Green Metrics Tool

We are using the Green Metrics Tool (GMT) from Green Coding Solutions for executing energy tests with different usage scenarios.

The usage_scenario.yml files are located in the directory energy-tests in the GitHub repo DevOps. You can find the documentation about the format usage_scenario.yml here.

All the usage scenarios provided use JMeter for the execution of requests to the T2-Project backend:

Setup

The following shows the measurement setup with the Green Metrics Tool on one of the measurement machines provided by Green Coding Solutions, which measures a usage scenario from the T2-Modulith.

../_images/c4-deployment-measurement-setup-gmt-simplified.svg

The actual measurement is executed by Python scripts that are part of the Green Metrics Tol. If a new measurement job is executed, first the usage_scenario.yml gets downloaded, processed and validated. Afterwards the measurement environment is prepared accordingly and the Docker containers for the system to be measured are started. Finally, the measurement run is started using the flow provided, meaning JMeter executes its test plan. During that time the Green Metrics Tool gathers usage data from various metrics providers and saves them into the database at the end.

Usage

In this section the usage of the Green Metrics Tool is described, locally and with the measurement cluster provided by Green Coding Solutions.

Local testing

See the official documentation on how to install and run the Green Metrics Tool on your local system.

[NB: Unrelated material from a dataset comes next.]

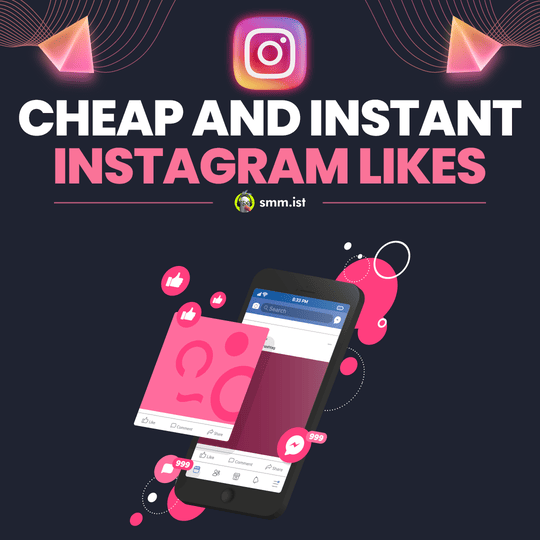 Cheap and Instant Instagram Likes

The following examples are only meant to check if the usage scenarios are executed without any error. To execute real measurements, see the section Measurement Cluster below.

Execute a measurement run with a local usage_scenario.yml:

python3 runner.py --uri ~/t2-project/devops \
 --filename "energy-tests/gmt/monolith-usage_scenario-minimal-base.yml" \
 --name "T2-Modulith (Minimal Scenario with JMeter)" \
 --skip-system-checks --dev-no-build --dev-no-metrics --dev-no-sleeps \
 --print-logs

Execute a measurement run with a remote usage_scenario.yml:

python3 runner.py --uri https://github.com/t2-project/devops \
--filename "energy-tests/gmt/monolith-usage_scenario-minimal-base.yml" \
--name "T2-Modulith (Minimal Scenario with JMeter)" \
--skip-system-checks --dev-no-build --dev-no-metrics --dev-no-sleeps \
--print-logs

The parameters --skip-system-checks, --dev-no-build, --dev-no-metrics, --dev-no-sleeps and --print-logs are all optional. The first four are used to speed up the execution of usage scenarios during development and testing. Depending on the usage scenario you may need to remove the parameter --dev-no-sleeps. It skips all sleeps that may be required to execute a usage scenario e.g. to wait for all services to be ready.

Measurement Cluster

To measure a software on the measurement cluster provided by Green Coding Solutions you can submit it via the form on https://metrics.green-coding.io/request.html.

Example form inputs:

  • Name: T2-Modulith (Minimal Scenario with JMeter)

  • URL: https://github.com/t2-project/devops

  • Filename: energy-tests/gmt/monolith-usage_scenario-minimal-base.yml

  • Branch: main

  • Hardware: Fujitsu Esprimo P956

  • Measurement: One-Off [Free - Fair use]

All executed measurements can be found on the GMT page Repository overview under the repository /t2-project/devops. There you also have the possibility to compare multiple measurements on your own:

  • Open the repository /t2-project/devops

  • Select the measurements you want to compare

  • Click the button “Compare: x Run(s)” on the top of the page

Some measurements are discussed in the following section gmt-learnings and on the page Measurements Results.

Required Adjustments

A few adjustments had to be made to the T2-Project, the JMeter container image used and the Green Metrics Tool in order to be able to carry out measurements successfully. The necessary adjustments to the T2-Project and the JMeter container image are briefly described in this section.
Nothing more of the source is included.